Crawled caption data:
·····

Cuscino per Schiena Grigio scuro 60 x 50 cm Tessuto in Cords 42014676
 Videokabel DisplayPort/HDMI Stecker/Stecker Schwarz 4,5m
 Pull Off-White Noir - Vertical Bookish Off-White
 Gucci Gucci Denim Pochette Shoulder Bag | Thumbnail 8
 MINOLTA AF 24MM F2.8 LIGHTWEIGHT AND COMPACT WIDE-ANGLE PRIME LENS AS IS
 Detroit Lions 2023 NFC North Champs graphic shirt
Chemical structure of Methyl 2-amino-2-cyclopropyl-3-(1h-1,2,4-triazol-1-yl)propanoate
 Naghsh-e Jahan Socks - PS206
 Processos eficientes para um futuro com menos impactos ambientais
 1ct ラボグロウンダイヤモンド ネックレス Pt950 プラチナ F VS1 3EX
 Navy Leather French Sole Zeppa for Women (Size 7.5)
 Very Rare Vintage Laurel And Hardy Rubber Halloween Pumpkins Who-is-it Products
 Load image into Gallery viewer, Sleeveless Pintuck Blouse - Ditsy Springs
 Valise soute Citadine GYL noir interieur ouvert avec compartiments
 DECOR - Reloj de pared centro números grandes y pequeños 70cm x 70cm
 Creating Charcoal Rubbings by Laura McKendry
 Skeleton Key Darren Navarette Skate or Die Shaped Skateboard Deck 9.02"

·····

- WORK ITEM -
Copy out only the lines above from the one with "Videokabel DisplayPort/HDMI Stecker/Stecker" to the one with "Load image into", inclusive, exactly as they stand.

- WRITTEN RESPONSE -
 Videokabel DisplayPort/HDMI Stecker/Stecker Schwarz 4,5m
 Pull Off-White Noir - Vertical Bookish Off-White
 Gucci Gucci Denim Pochette Shoulder Bag | Thumbnail 8
 MINOLTA AF 24MM F2.8 LIGHTWEIGHT AND COMPACT WIDE-ANGLE PRIME LENS AS IS
 Detroit Lions 2023 NFC North Champs graphic shirt
Chemical structure of Methyl 2-amino-2-cyclopropyl-3-(1h-1,2,4-triazol-1-yl)propanoate
 Naghsh-e Jahan Socks - PS206
 Processos eficientes para um futuro com menos impactos ambientais
 1ct ラボグロウンダイヤモンド ネックレス Pt950 プラチナ F VS1 3EX
 Navy Leather French Sole Zeppa for Women (Size 7.5)
 Very Rare Vintage Laurel And Hardy Rubber Halloween Pumpkins Who-is-it Products
 Load image into Gallery viewer, Sleeveless Pintuck Blouse - Ditsy Springs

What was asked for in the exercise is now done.